I found going to YouTube and searching for rally obedience and watching some videos was the best way to start to understand it.

I used rally as a way to introduce the ring to my young dog at an early age, and once my older guy gets too old to run agility, I'll do some rally with him to keep his mind engaged and him active and working with me.


----------



## Augie's Mom (Sep 28, 2007)

Loisiana said:


> Doesn't UKC have rally too now?


 
Yes, there's UKC Rally and ASCA has Rally now too.


----------



## peeps (Sep 12, 2007)

I have recently started training for Rally at home and am finding it really entertaining and it has greatly improved my dogs attention on me and her heeling. you train basic commands and it is usually considered a pre cursor to your CD training. It is actually alot of fun and as you move up from a novice to a advanced title your work in the ring is offleash.


----------



## RedDogs (Jan 30, 2010)

Hah... yes...UKC! How long has ASCA had theirs going? 

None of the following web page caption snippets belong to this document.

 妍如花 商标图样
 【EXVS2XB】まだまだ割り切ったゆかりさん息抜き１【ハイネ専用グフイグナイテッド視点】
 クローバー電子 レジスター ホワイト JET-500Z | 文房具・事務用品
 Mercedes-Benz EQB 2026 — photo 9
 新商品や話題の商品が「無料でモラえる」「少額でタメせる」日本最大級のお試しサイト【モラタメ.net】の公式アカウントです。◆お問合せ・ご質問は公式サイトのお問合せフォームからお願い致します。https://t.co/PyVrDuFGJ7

(and I try to specify country because who knows where all the readers are from!).


----------



## Augie's Mom (Sep 28, 2007)

RedDogs said:


> Hah... yes...UKC! How long has ASCA had theirs going?
> 
> (and I try to specify country because who knows where all the readers are from!).


ASCA Rally is new this year.
UKC and ASCA are in the USA.


----------



## Luci (May 26, 2009)

grcharlie said:


> That sound hard to do! LOL. Goodness! I don't know if I could do that. I think I might stay with agility classes.
> 
> It does sound like fun though


Not THAT hard, just takes dedication and it IS a lot of fun!:bowl:


----------



## The_Artful_Dodger (Mar 26, 2009)

I just signed Dodger up for a rally training class that starts in May! 

I was wondering, for competitions, how far in advance do you usually have to sign up? 

Also, Dodger was registered with the ckc from his breeder. To compete with ckc do I have to buy a membership? 

I think Dodger is going to love this. He loves to heel when I throw in lots of twists and turns...he thinks its a game. He has done some agility training too and loves the weave poles and the jumps!


----------